Sangatta – Tekanan fiskal bukan alasan untuk berhenti melayani. Meski anggaran daerah terpangkas hampir separuh, Pemerintah Kabupaten Kutai Timur (Kutim) menegaskan bahwa 50 Program Unggulan tetap menjadi prioritas utama. Penurunan Dana Transfer Umum (DTU) dari pusat membuat APBD Kutim 2026 anjlok dari Rp9,2 triliun menjadi hanya Rp4,8 triliun.

Plt Sekretaris Badan Perencanaan Pembangunan Daerah (Bappedda) Kutim, M. Syaiful, menyatakan pemerintah tidak akan mundur dalam menjalankan program yang telah dirancang sebagai fondasi pembangunan lima tahun ke depan.

“Kalau mau ideal, tentu semua program bisa dijalankan penuh sejak awal. Tapi dengan kondisi transfer pusat yang turun hampir 50 persen, kita harus melakukan penyesuaian bertahap,” ujarnya di Ruang Kerjanya, Rabu (19/11/2025).

Program tersebut dirancang sesuai visi-misi kepala daerah dan telah melewati sinkronisasi dengan regulasi Kementerian Dalam Negeri. Menurut Syaiful, strategi saat ini adalah menyesuaikan waktu dan skala pelaksanaan program tanpa mengubah substansinya.

“Program tetap berjalan. Mungkin waktunya saja yang bergeser, karena kita juga harus melihat potensi dan prioritas. Ketika nanti ada ruang fiskal yang memungkinkan, bisa saja 50 program itu dijalankan serentak,” jelasnya.

Pemkab Kutim kini justru melihat ini sebagai momentum penyegaran arah pembangunan. Fokus diarahkan pada program yang berdampak langsung ke masyarakat.

“Mungkin ini saatnya kita merefresh dan mengarahkan anggaran ke sektor-sektor yang benar-benar berdampak langsung. Ini bagian dari proses penyesuaian di awal kepemimpinan,” tambahnya.

Ke-50 Program Unggulan terbagi dalam tiga pilar utama: Kutim Hebat, Desa Hebat, dan Kota Hebat. Beberapa program konkret yang akan dijalankan antara lain beasiswa hafidz/hafidzah, bantuan rumah layak huni, dana Rp250 juta per RT, serta pengadaan kendaraan operasional RT dan desa.

Program lainnya termasuk asuransi gagal panen, pembukaan 100.000 hektare lahan pertanian, insentif guru swasta dan penyuluh, layanan pendidikan dan kesehatan gratis, hingga pembangunan jaringan air bersih dan akses internet sekolah.

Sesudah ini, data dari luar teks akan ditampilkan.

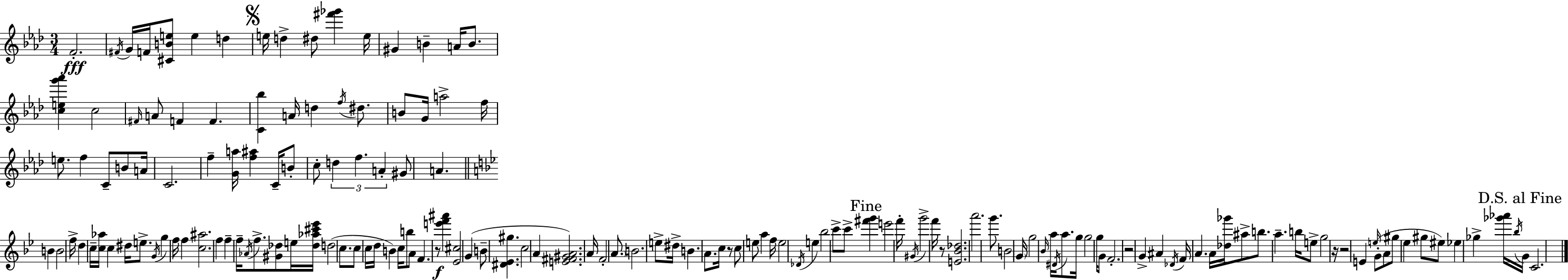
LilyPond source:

{
  \clef treble
  \numericTimeSignature
  \time 3/4
  \key f \minor
  \repeat volta 2 { f'2.-.\fff | \acciaccatura { fis'16 } g'16 f'16 <cis' b' e''>8 e''4 d''4 | \mark \markup { \musicglyph "scripts.segno" } e''16 d''4-> dis''8 <fis''' ges'''>4 | e''16 gis'4 b'4-- a'16 b'8. | \break <c'' e'' g''' aes'''>4 c''2 | \grace { fis'16 } a'8 f'4 f'4. | <c' bes''>4 a'16 d''4 \acciaccatura { f''16 } | dis''8. b'8 g'16 a''2-> | \break f''16 e''8. f''4 c'8-- | b'8 a'16 c'2. | f''4-- <g' a''>16 <f'' ais''>4 | c'16-- b'8-. c''8-. \tuplet 3/2 { d''4 f''4. | \break a'4-. } gis'8 a'4. | \bar "||" \break \key g \minor b'4 b'2 | f''16-> d''4 c''16-- <c'' aes''>16 c''4 dis''16 | e''8.-> \acciaccatura { g'16 } g''4 f''16 f''4 | <c'' ais''>2. | \break f''4 f''4-- f''16-- \acciaccatura { aes'16 } f''8.-> | <gis' des''>8 e''16 <des'' aes'' cis''' ees'''>16 d''2( | c''8. c''8 c''16 d''16 b'4) | c''16 b''8 a'8 f'4. | \break r8\f <e''' f''' ais'''>4 <ees' cis''>2 | g'4( b'8-- <dis' ees' gis''>4. | c''2 a'4 | <e' fis' gis' a'>2.) | \break a'16 f'2-. \parenthesize a'8. | b'2. | e''8-> dis''16-> b'4. a'8. | c''16 r8 c''8 e''8 a''4 | \break f''16 e''2 \acciaccatura { des'16 } e''4 | bes''2 c'''8-> | c'''8-> \mark "Fine" <fis''' g'''>4 e'''2 | f'''16-. \acciaccatura { gis'16 } g'''2-> | \break f'''16 r8 <e' bes' des''>2. | a'''2. | g'''8. b'2 | \parenthesize g'16 g''2 | \break \grace { bes'16 } a''16 \acciaccatura { dis'16 } a''8. g''16 g''2 | g''16 g'8 f'2.-. | r2 | g'4-> ais'4 \acciaccatura { des'16 } f'16 | \break a'4. a'16 <des'' ges'''>16 ais''8-> b''8. | a''4.-- b''16 e''8-> g''2 | r16 r2 | e'4 \grace { e''16 } g'8-.( a'8 | \break gis''8 ees''4 gis''8 eis''8) ees''4 | ges''4-> <ges''' aes'''>16 \acciaccatura { bes''16 } \mark "D.S. al Fine" g'16 c'2. | } \bar "|."
}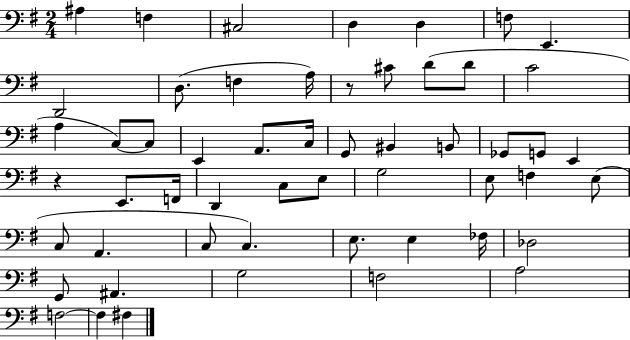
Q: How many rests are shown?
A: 2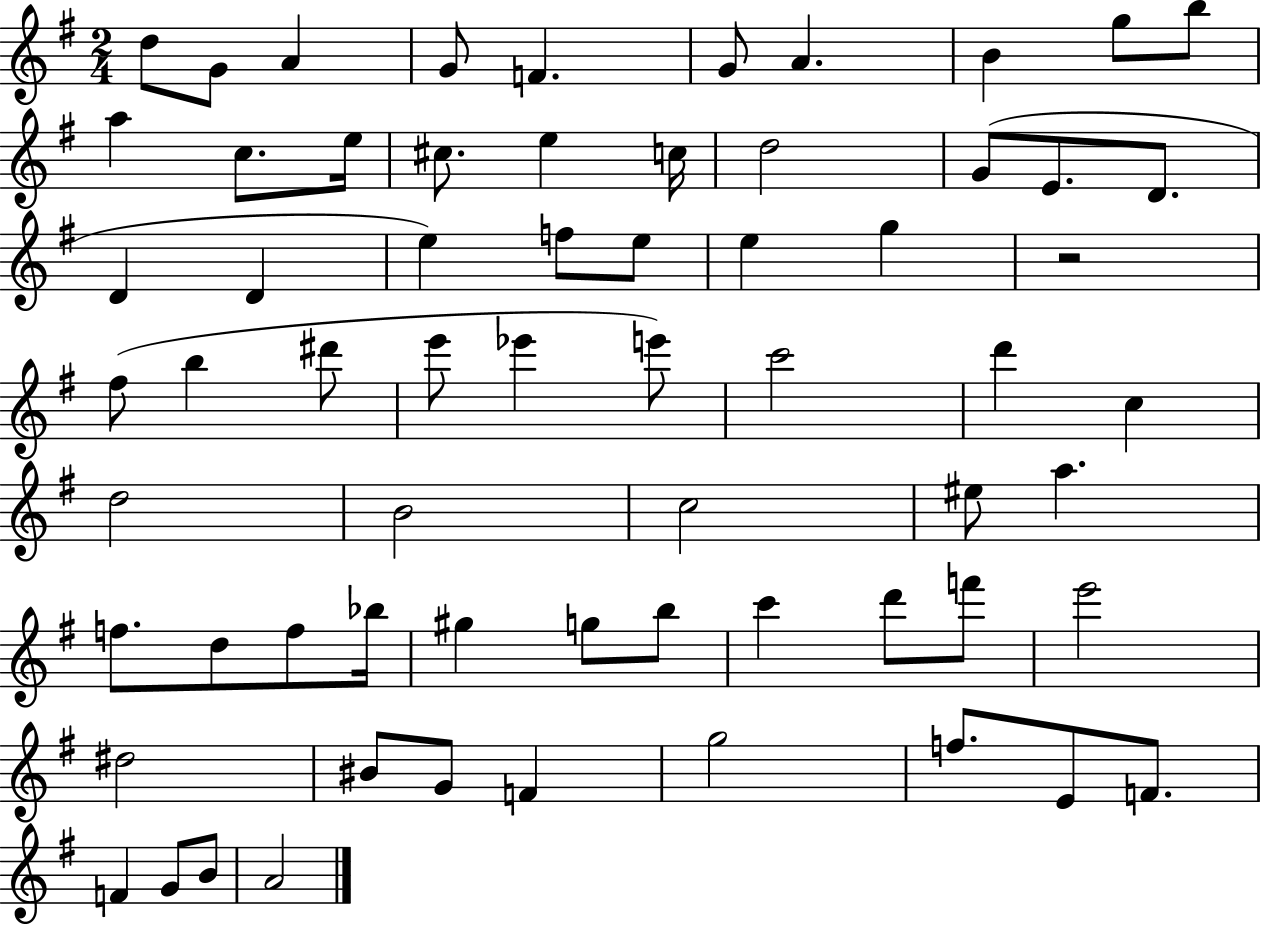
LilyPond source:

{
  \clef treble
  \numericTimeSignature
  \time 2/4
  \key g \major
  d''8 g'8 a'4 | g'8 f'4. | g'8 a'4. | b'4 g''8 b''8 | \break a''4 c''8. e''16 | cis''8. e''4 c''16 | d''2 | g'8( e'8. d'8. | \break d'4 d'4 | e''4) f''8 e''8 | e''4 g''4 | r2 | \break fis''8( b''4 dis'''8 | e'''8 ees'''4 e'''8) | c'''2 | d'''4 c''4 | \break d''2 | b'2 | c''2 | eis''8 a''4. | \break f''8. d''8 f''8 bes''16 | gis''4 g''8 b''8 | c'''4 d'''8 f'''8 | e'''2 | \break dis''2 | bis'8 g'8 f'4 | g''2 | f''8. e'8 f'8. | \break f'4 g'8 b'8 | a'2 | \bar "|."
}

“Kami ingin pembangunan ini benar-benar dirasakan masyarakat, tidak sekadar infrastruktur besar, tapi juga layanan dasar yang menyentuh kebutuhan sehari-hari,” tegas Syaiful.

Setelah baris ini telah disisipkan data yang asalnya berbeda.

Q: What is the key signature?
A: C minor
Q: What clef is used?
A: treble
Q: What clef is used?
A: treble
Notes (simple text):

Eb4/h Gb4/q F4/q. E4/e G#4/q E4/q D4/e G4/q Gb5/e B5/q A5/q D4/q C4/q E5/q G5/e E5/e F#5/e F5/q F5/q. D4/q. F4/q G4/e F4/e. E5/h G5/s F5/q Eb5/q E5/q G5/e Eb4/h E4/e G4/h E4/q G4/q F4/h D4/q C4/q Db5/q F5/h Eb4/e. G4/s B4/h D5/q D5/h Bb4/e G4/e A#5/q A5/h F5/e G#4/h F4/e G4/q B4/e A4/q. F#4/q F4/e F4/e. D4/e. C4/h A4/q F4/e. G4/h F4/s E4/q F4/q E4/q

Ia menegaskan bahwa pelaksanaan bertahap bukan bentuk pengurangan nilai program, tetapi strategi agar implementasi tetap efektif dan relevan.

Langkah lain yang tengah disiapkan Bappedda adalah optimalisasi Pendapatan Asli Daerah (PAD), efisiensi belanja, serta membuka peluang kerja sama dengan sektor swasta lewat skema pembiayaan alternatif.

“Ini tentang menjaga arah pembangunan tetap berjalan, walaupun langkahnya tidak bisa sebesar tahun-tahun sebelumnya. Kita tetap bergerak,” tandasnya.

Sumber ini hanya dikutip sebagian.